# What's your method for benchmarking?

> Source: <https://discuss.huggingface.co/t/whats-your-method-for-benchmarking/177127#post_3>
> Published: 2026-06-25 12:04:22+00:00

Uh… there are a lot of ways to do this, so I’d split it up a bit. My first suggestion would be: measure the capability you actually care about first.

Short version:

**Keep a held-out test set that was not used for training, run both the base model and your fine-tuned model on it under the same prompts/settings, and compare them with metrics that match your actual task.**

Public benchmarks and leaderboards are useful, but I would treat them as a second layer. They are good for orientation, not always proof that the fine-tune worked for your use case.
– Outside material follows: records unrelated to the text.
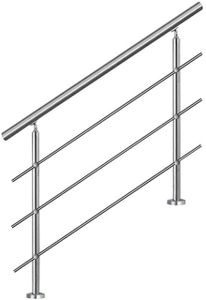 NAIZY Edelstahl Handlauf Geländer mit 2 Pfosten für Brüstung Treppen Balkon (150 cm, 3 Querstreben)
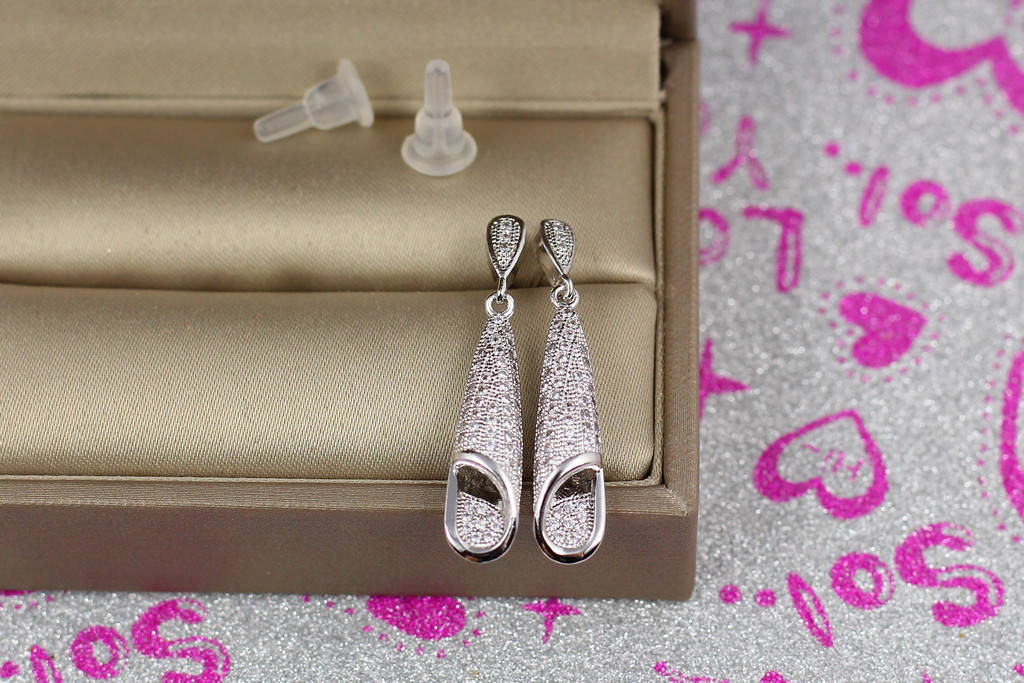 

Серьги гвоздики подвески Xuping Jewelry 3,2 см серебрнистые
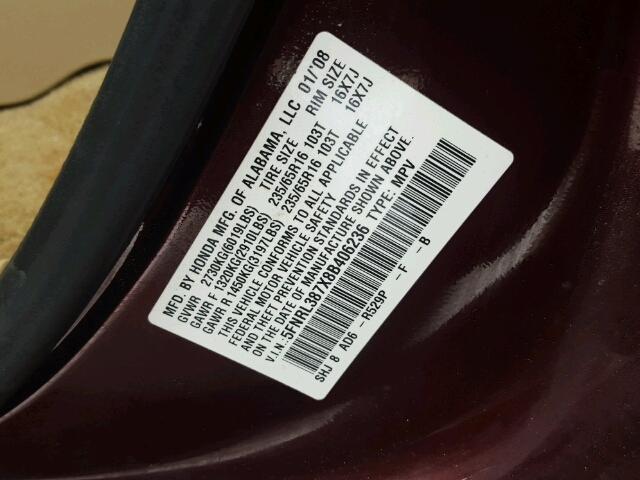 5FNRL387X8B406236 - 2008 HONDA ODYSSEY EX BURGUNDY photo 10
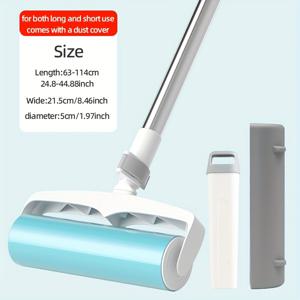 TEMU 장손잡이 세탁 가능한 고양이와 개 털 제거 롤러, 재사용 가능한 애완동물 털 스틱 - 커튼, 벽, 캐비닛, 천장 먼지 청소에 적합한 모피 클리닝, 버킷과 함께 사용하는 모프 바닥 청소, 모프 및 버킷 세트, 모프 버킷 세트, 동물 털 제거 장갑, 동물 털 제거기, 천 린트 롤러, 천 린트 제거기
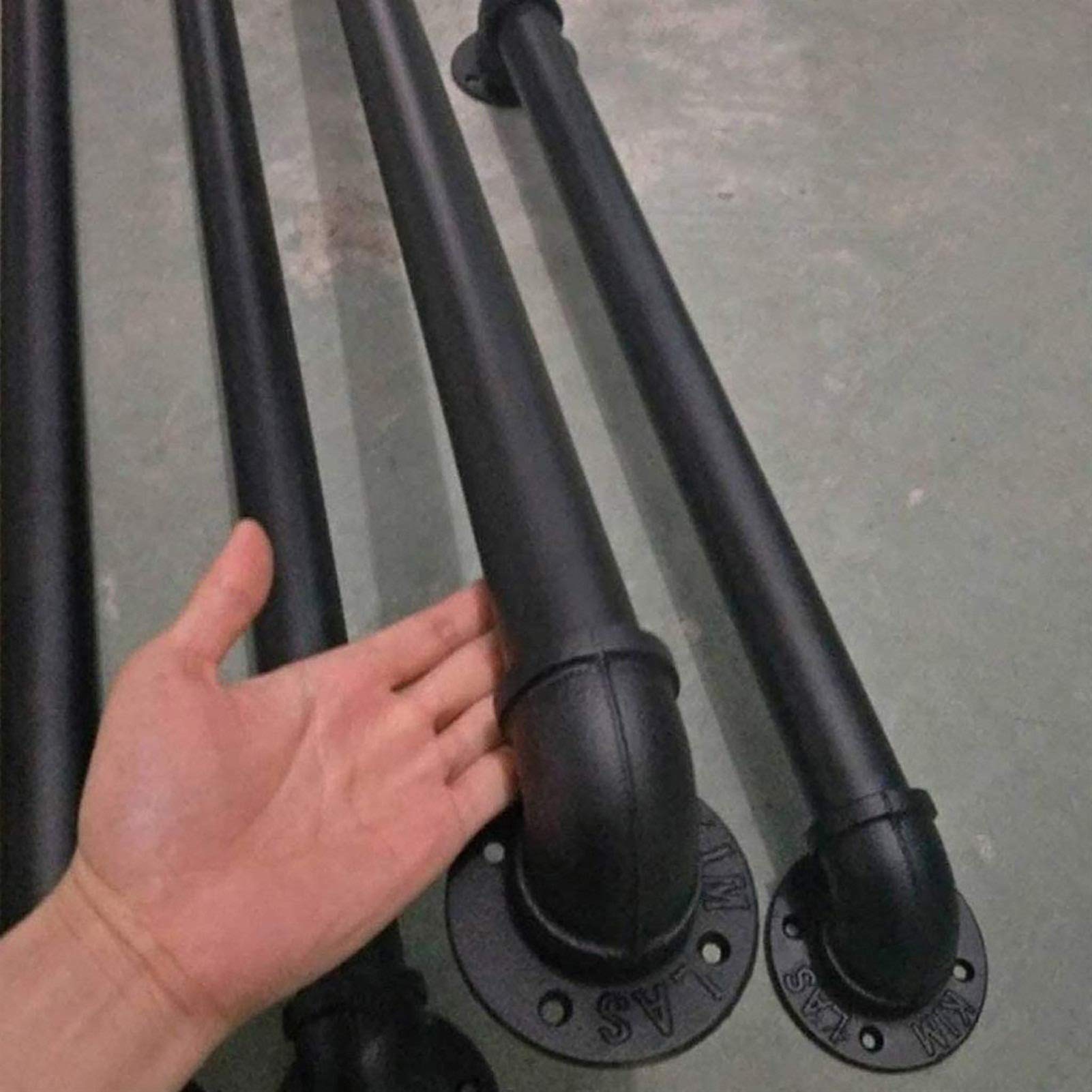 GORWARE 1FT Black Iron Stair Handrail - 440 Lbs Capacity, Wall Mounted Indoor Safety Railing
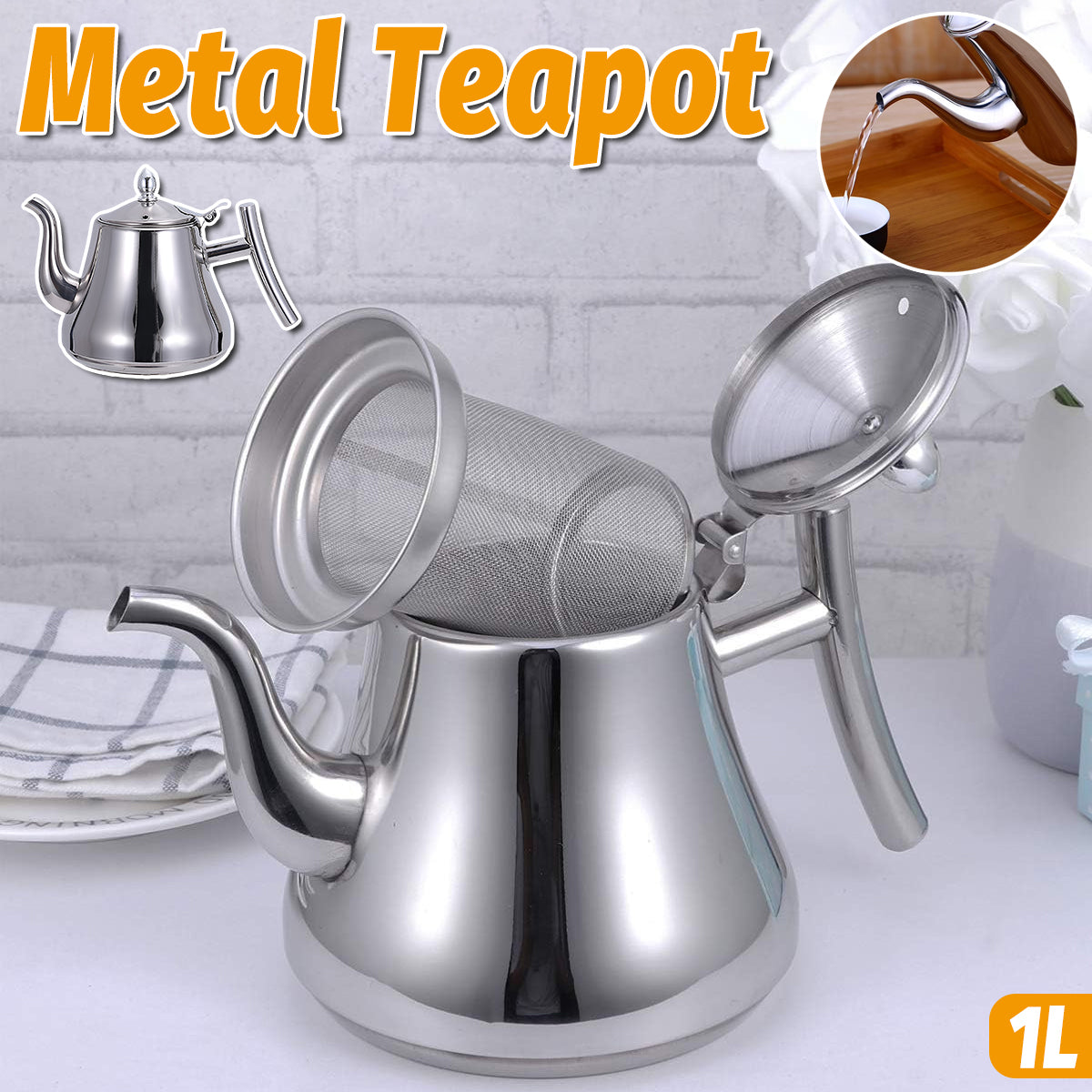 Thickened Stainless Steel Teapot Kettle with Built-in Strainer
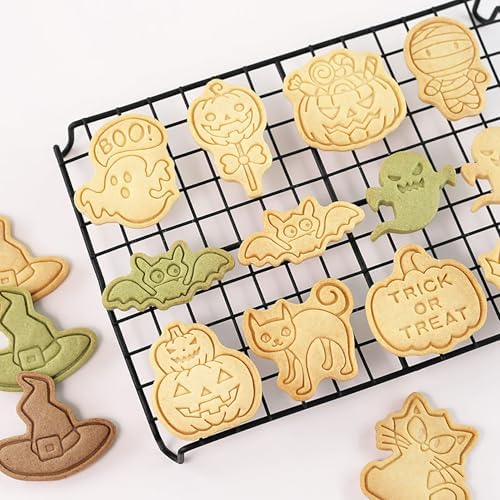 8Pcs Halloween Cookie Cutters 3D Cat Skull Witch Owl Coffin Baking Molds - Image 6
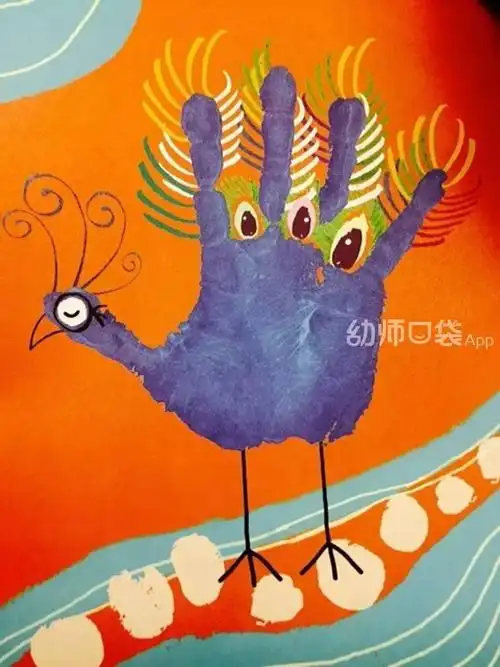 手掌画——小孔雀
A practical first workflow

-
**Define the target behavior**

- What was the fine-tune supposed to improve?

-
**Create a held-out eval set**

- Use examples that were not in the training data.

-
**Run the base model**

-
**Run the fine-tuned model**

- Same examples, same prompt template, same decoding settings.

-
**Compare with task-appropriate metrics**

- Accuracy/F1 for classification, schema checks for structured output, rubric/pairwise eval for open-ended chat, unit tests for code, etc.

-
**Inspect individual failures**

- Do not only look at the average score.

-
**Add public benchmarks if they match the goal**

- Tools like Lighteval or lm-evaluation-harness can help, but only after you know what you want to measure.

1. Start with your actual task, not a leaderboard

Before choosing a benchmark, I would write the goal in plain language.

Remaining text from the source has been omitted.